The Other Important Part Is That Koepka Does Not Sound Scared of It
That is what keeps this from becoming a simple withdrawal-watch item.
The same report says Koepka played nine holes at Shinnecock on Tuesday and described the condition as improving day by day. More importantly, he reportedly said he feels his game is “just as good” as it was in 2018, with his ball-striking maybe even better.
Now, golfers say bold things before majors all the time. Some of it is real confidence. Some of it is practiced theater.
But with Koepka, this stuff usually matters because he is not built like a guy who enjoys offering extra drama unless he believes it. We already argued back in March that his comeback story was getting less attention than it deserved. This injury update does not erase that. It sharpens it.
Because now the question is not “does Brooks still have major golf in him?”
The question is whether his hand lets him access it for four straight days.
Shinnecock Is a Terrible Place to Fake Being Fine
That is why this story lands harder here than it would at some softer summer birdie-fest.
Official U.S. Open event information lists Shinnecock Hills at 7,440 yards, par 70, with a 156-player field for June 18-21. And everything about the course’s reputation says the same thing: this place exposes weak contact, loose control, and any little physical compromise you hoped to hide.
We already touched the broader event framing in our U.S. Open field piece and yesterday’s Rory-Scottie opinion column. Koepka’s health slots right into that bigger picture. This championship did not need another layer of volatility, and now it has one.
If his hand holds, you get one of the more dangerous major competitors of this era back at a venue that already fits his personality.
If it does not, Shinnecock is exactly the sort of place that will punish him fast.
Why This Still Matters Even if He Is Not a Favorite
Koepka does not need to be the clean betting favorite for this to matter.
He matters because major fields still bend around players who have shown they can win these things when the air gets weird. And Koepka has done that more than almost anybody from his generation.
He won the 2018 U.S. Open here. He knows what the sightlines look like when the place turns mean. He knows how much patience the course demands. And unlike a lot of players who arrive at majors talking themselves into form, Koepka at least has a plausible recent argument: if the hand settles down, the ceiling is real.

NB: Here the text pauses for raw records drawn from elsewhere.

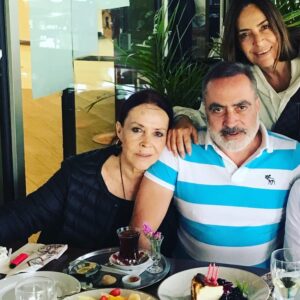 Özlem Akınözü Instagram - Daha nice yaşlarını,hayallerinin ötesinde güzelliklerle kutlamak nasip olsun canım benim @emre.kerem.arin İYİ Kİ DOĞMUŞ VE KARDEŞİM OLMUŞSUN🙏🏻🍰🧿👏🏻🥰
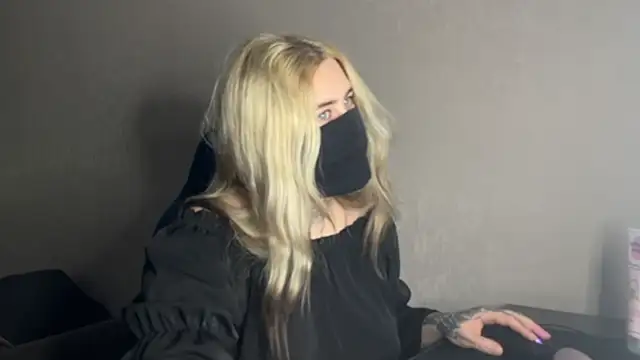 Snapshot of UnaXyling chatting on 02.04.26 UnaXyling online show from 02.04.26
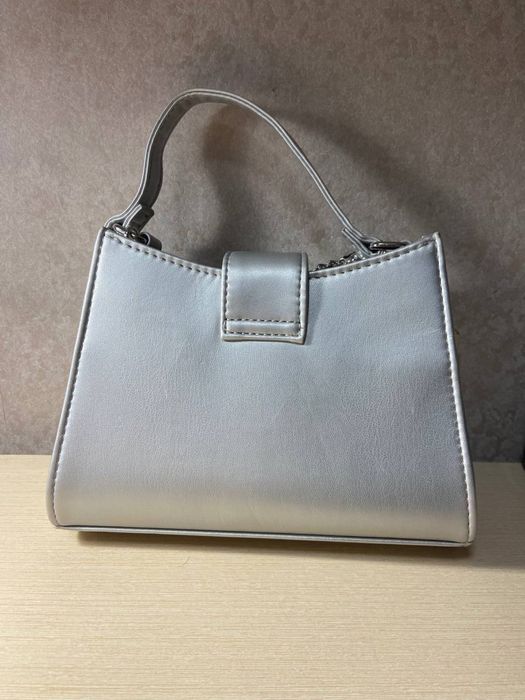 Продам сумку guess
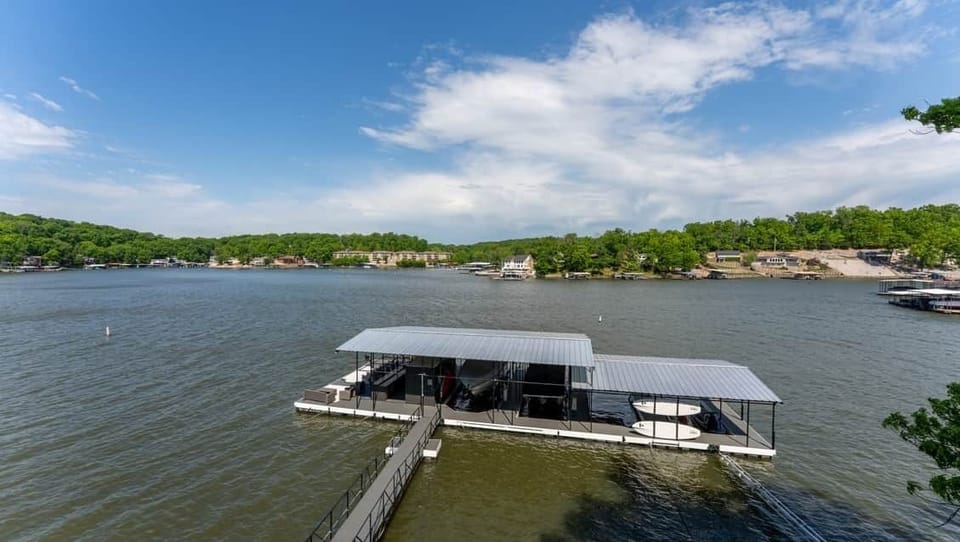 Dock 2
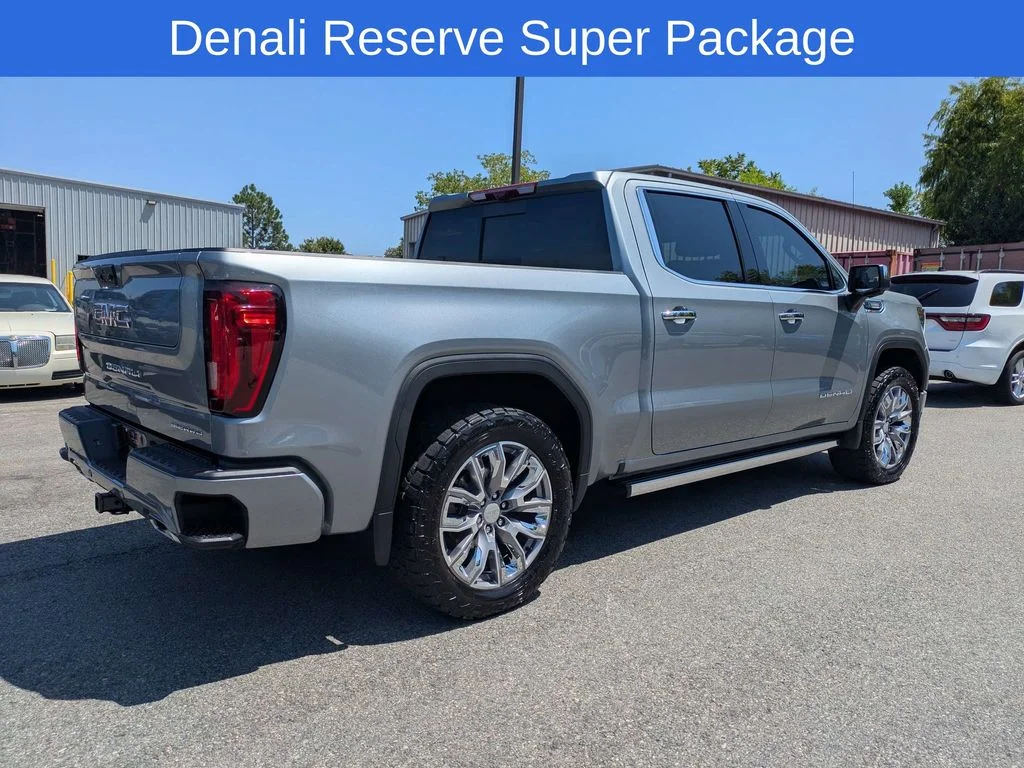 Used 2025 Silver GMC Denali image 4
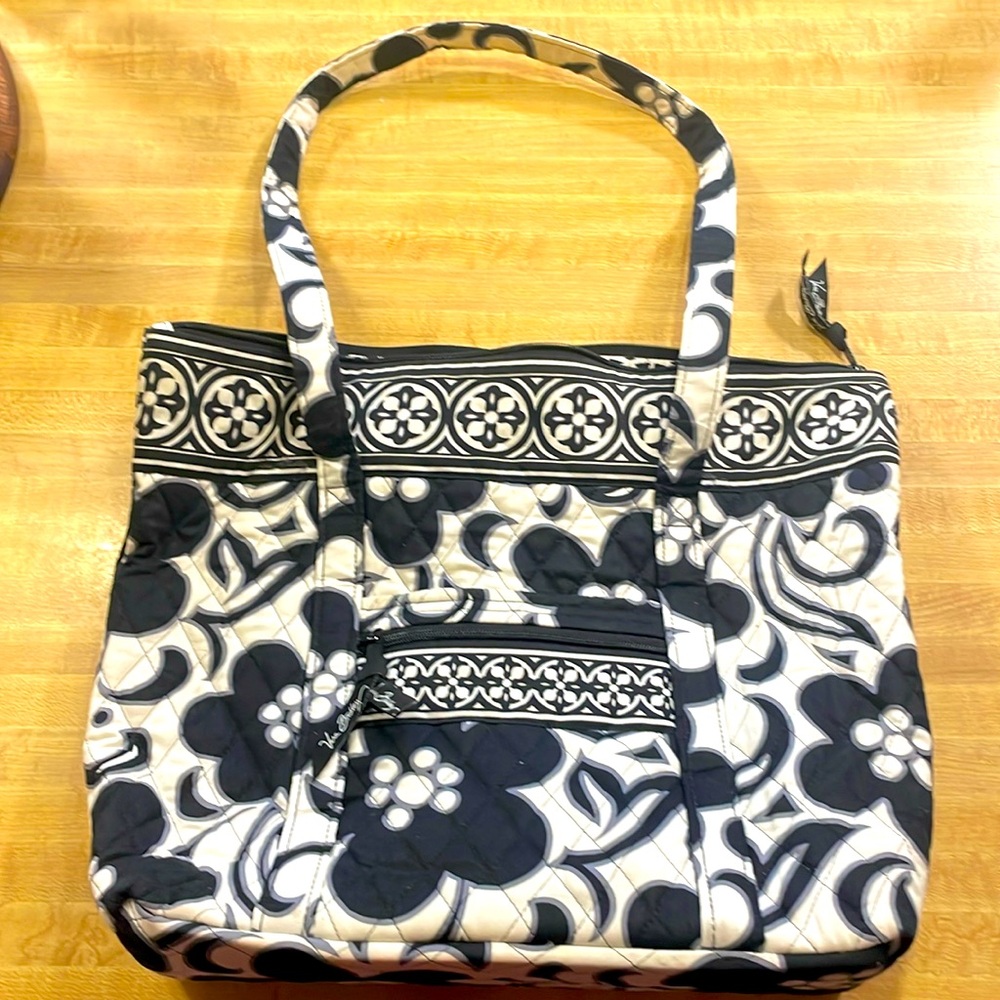 Vera Bradley small tote purse in Metropolitan Night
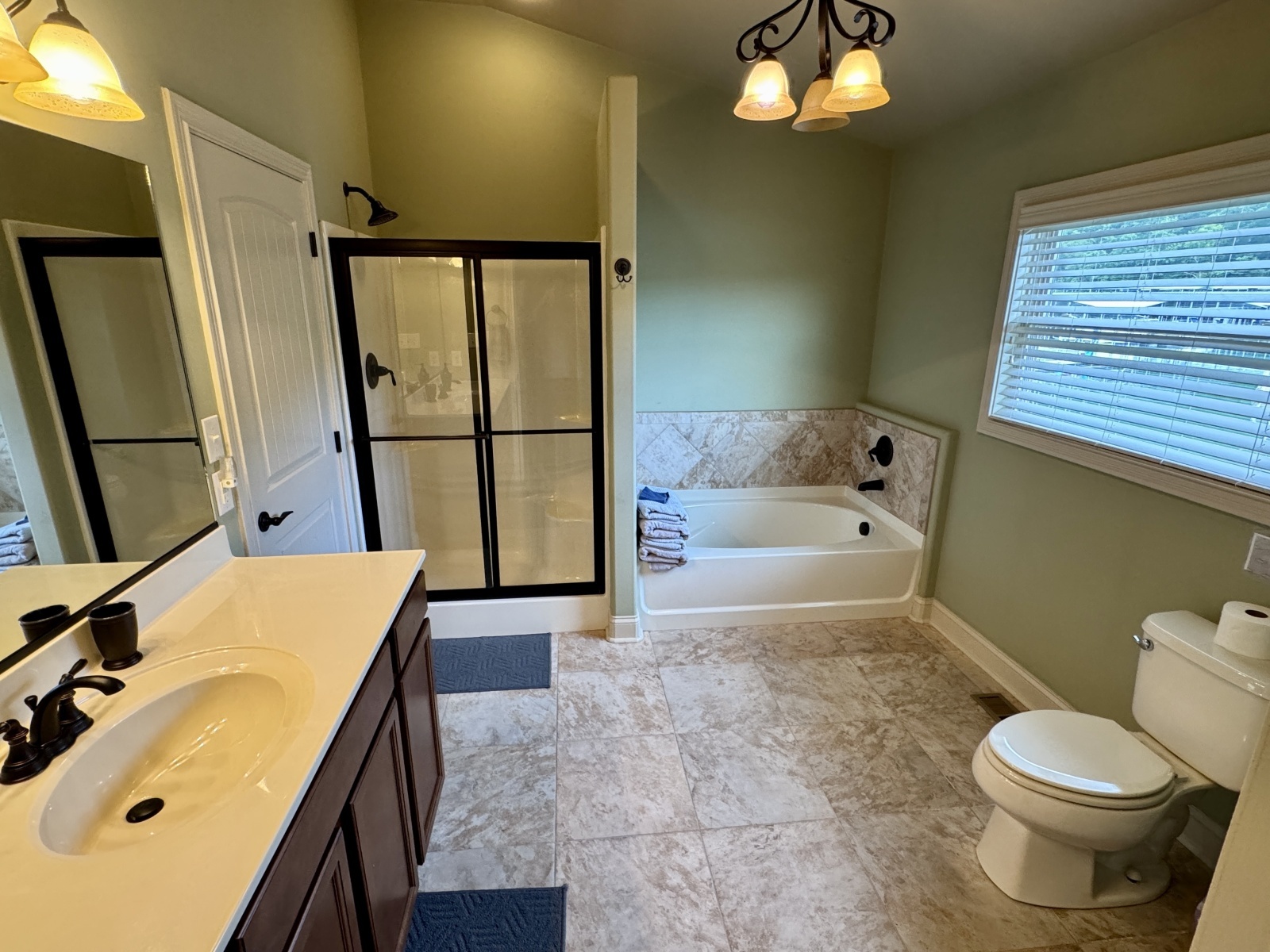 2010 Custom Floating Cabin - Approx 1340sqft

That is enough to make him relevant.
My Read on It
I do not think this is one of those phony “injury scare, then instant win” setups that golf fans love to romanticize.
If anything, this sounds more annoying than dramatic. Nerve issues in the hand are the kind of thing that can feel manageable right up until one shot needs full conviction. That uncertainty is the entire problem.
But I also do not think this is empty noise.
Koepka saying he can hold a club again, that there is no pain, and that the strength is at least playable changes the tournament more than a standard pre-major quote dump usually does. The moment he stopped looking like a likely non-factor, he became part of the real board again.
And for a U.S. Open at Shinnecock, that is good for the week.
Bottom Line
The current reporting says Brooks Koepka’s grip strength is still not all the way back after the hand issue that pushed him out of the RBC Canadian Open, but he believes it is good enough to compete at the 2026 U.S. Open.
At a normal event, that would be mildly interesting.
At Shinnecock Hills, where Koepka already owns a trophy and every little weakness gets stress-tested, it is a real story.